Data Preparation Scripts
------------------------

We provide several example scripts to help you prepare your dataset, including for gsm8k, LiveCodeBench, SearchR1, and the SynSQL text-to-SQL dataset. 

**To use a new dataset for training, you can use the provided scripts as a template to create your own.**

Generally, only a single method (`make_map_fn`) must be implemented to convert the new dataset into the required format.

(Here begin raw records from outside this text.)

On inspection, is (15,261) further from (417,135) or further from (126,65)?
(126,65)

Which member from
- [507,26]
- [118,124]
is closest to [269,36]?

Below is an example of converting the SynSQL text-to-SQL dataset into the required format:

.. code-block:: python

  def make_map_fn(split):
        def process_fn(example, idx):
            """Transform each dataset example into the required format"""
            if split == "train":
                user_content = ("{db_details}:" + example["schema"] + 
                              ";\n {external_knowledge}: " + example["external_knowledge"] + 
                              ";\n {question}: " + example["question"])
            else:
                user_content = ("{db_details}:" + example["schema"] + 
                              "; {question}: " + example["question"])
            
            data = {
                "data_source": "synsql",
                "prompt": [
                    {"role": "system", "content": short_system_prompt},
                    {
                        "role": "user",
                        "content": user_content,
                    },
                ],
                "env_class": "text2sql",
                "reward_spec": {
                    "method": "rule",
                    "ground_truth": example["sql"],
                },
                # Custom fields specific to the SynSQL dataset:
                "db_id": example["db_id"],
                "data": example["data"],
            }
            return data
        
        return process_fn

Then, the mapping function is called on each sample in the dataset, and the final converted dataset is saved to a parquet file:

.. code-block:: python

  train_dataset = input_dataset.map(function=make_map_fn("train"), with_indices=True)
  train_dataset.to_parquet(os.path.join(args.output, "train.parquet"))

Note, however, that SkyRL can also load datasets from a local json file or by Hugging Face dataset name.

Using Dataset to Train
----------------------

With your correctly formatted datasets, you can pass the dataset file paths to the training script:

.. code-block:: bash

  # Dataset file paths
  uv run -m skyrl_train.entrypoints.main_base \
    data.train_data="['path/to/train.parquet']" \
    data.val_data="['path/to/validation.parquet']" \

or specify HuggingFace dataset(s) prepared in the expected format:

.. code-block:: bash

  # Huggingface dataset
  uv run -m skyrl_train.entrypoints.main_base \
    data.train_data="['username/my_dataset:train']" \
    data.val_data="['username/my_dataset:validation']" \



Reference Scripts
-----------------

Use the following scripts as a template to prepare your dataset:

- `gsm8k_dataset.py <https://github.com/NovaSky-AI/SkyRL/blob/main/skyrl-train/examples/gsm8k/gsm8k_dataset.py>`_
- `multiply_dataset.py <https://github.com/NovaSky-AI/SkyRL/blob/main/skyrl-train/examples/multiply/multiply_dataset.py>`_